1. Presentation

Characterization of the technique

Description of the technique:

The water supply by irrigation aims to lift, partially or totally, the limiting factor of water supply to crops. Irrigation also has an effect, favorable or unfavorable, on certain pests.

Implementation period On established crop

Spatial scale of implementation Farm

Application of the technique to...

All crops: Easily generalizable

Irrigation can potentially be applied to all crops, but its interest varies from one crop to another. It depends on (1) the crop's sensitivity to water stress, (2) the timing of the crop cycle relative to water availability, and (3) the positive or negative effect of irrigation on pests affecting the crops.

All soil types: Easily generalizable

Irrigation can potentially be applied to all soil types, but its interest strongly depends on the soil available water capacity.

All climatic contexts: Easily generalizable

Irrigation can potentially be applied to all climatic contexts, but its interest depends on the frequency of dry climatic episodes.

Regulation

Depending on territories and climatic factors, water restrictions may be decreed and limit or even prohibit the use of irrigation.

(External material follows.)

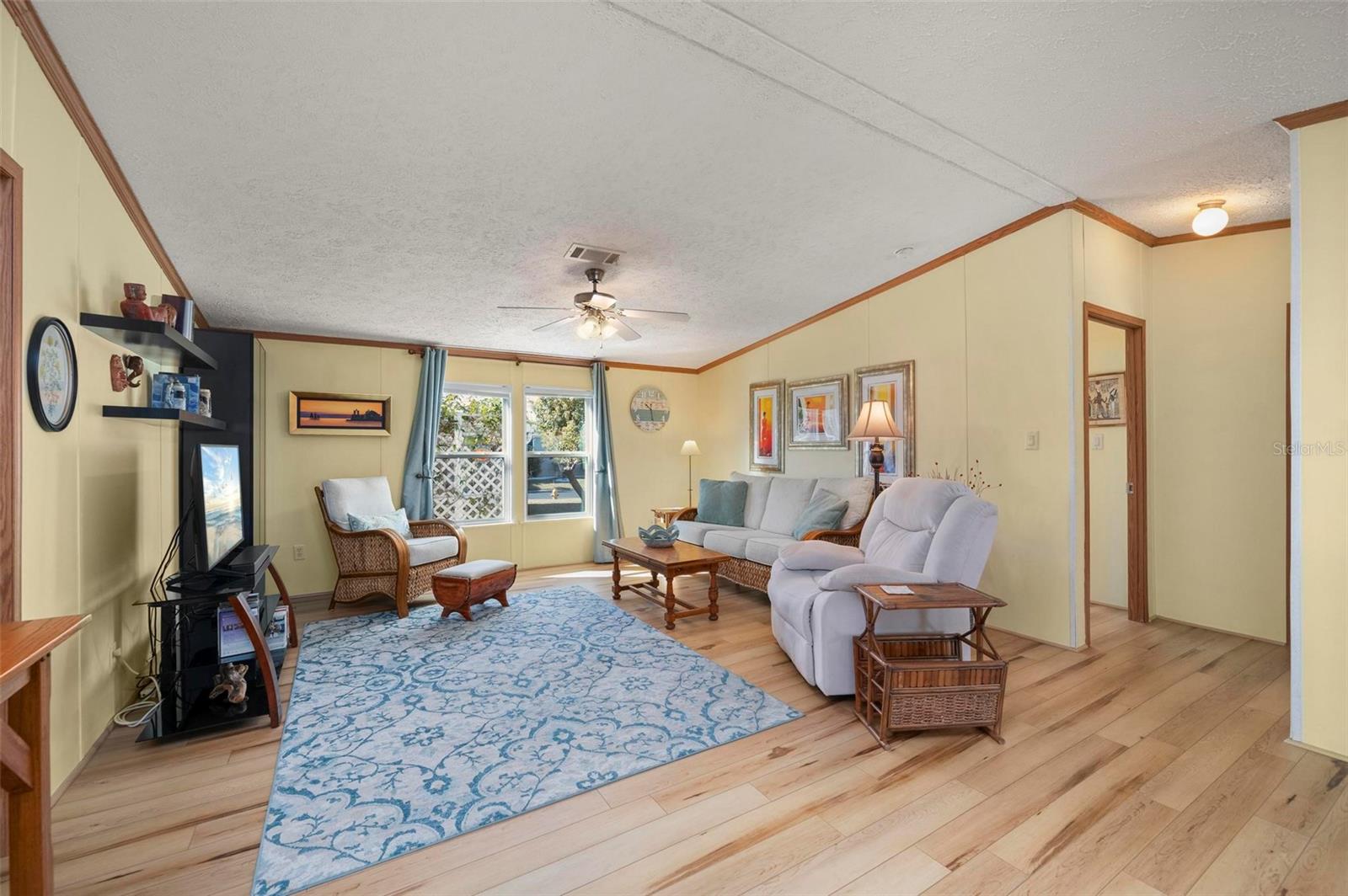 Image 7 of 61 For 1000 Kings Highway 398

2. Services provided by the technique

3. Effects on the sustainability of the cropping system

"Environmental" criteria

Effect on air quality: Decreasing

pesticide emissions: NEUTRAL

GHG emissions: INCREASING

Effect on water quality: Variable

pesticides: VARIABLE

Effect on fossil resource consumption: Increasing

fossil energy consumption: INCREASING

Other: No effect (neutral)

Irrigation has a variable impact on the risks of pollutant transfer to water. It promotes the uptake by the crop of nitrogen fertilization and soil nitrogen supplies and thus helps minimize nitrogen residues at the start of the drainage period. However, excessive water supply generates drainage and runoff and causes transfers of nitrogen, phosphorus, or pesticide residues to water.

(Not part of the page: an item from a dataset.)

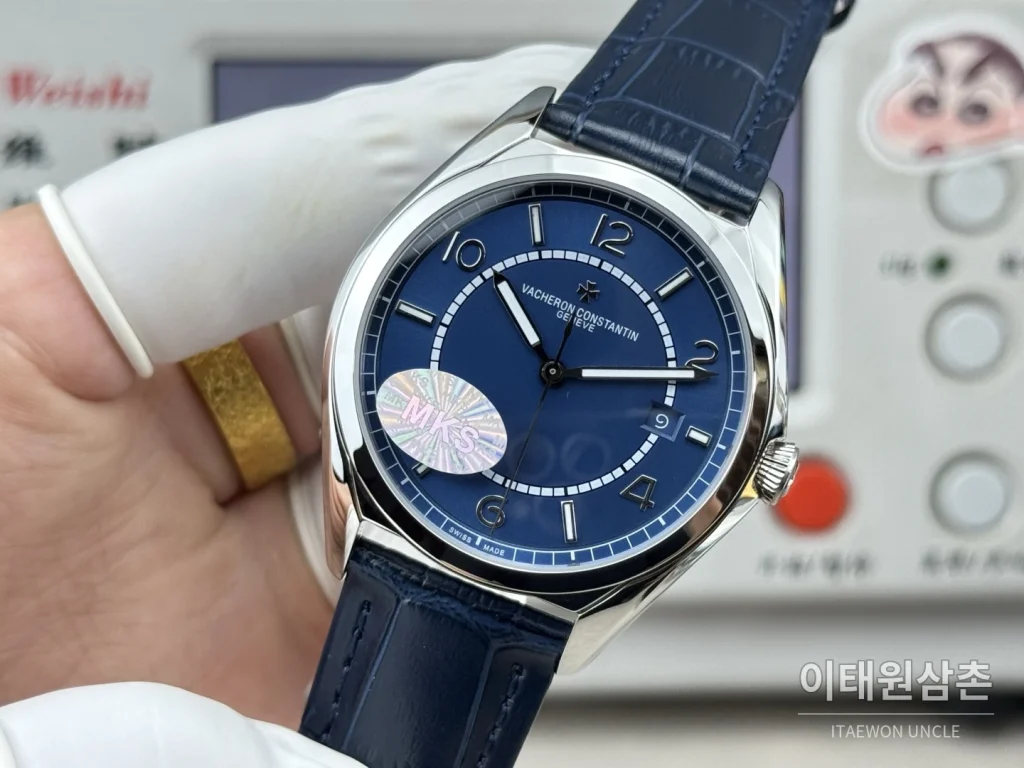바쉐론콘스탄틴 피프티식스 가죽밴드 오토매틱 40mm 네이비 다이얼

Irrigation leads to an increase in greenhouse gas emissions linked to the energy consumed for pumping (if thermal engine) or moving the reels. Moreover, irrigation can cause anoxic conditions at the soil surface favorable to nitrous oxide emissions by denitrification.

Fossil energy consumption also increases due to pumping, and possibly moving the reels.

"Agronomic" criteria

Productivity: Increasing

Irrigation primarily prevents or reduces losses due to water stress, but it also prevents losses due to pests for which no chemical control solution is available (example: green stink bug on soybean).

Soil fertility: No effect (neutral)

Water stress: Decreasing

Irrigation aims to compensate for water deficits related to insufficient rainfall.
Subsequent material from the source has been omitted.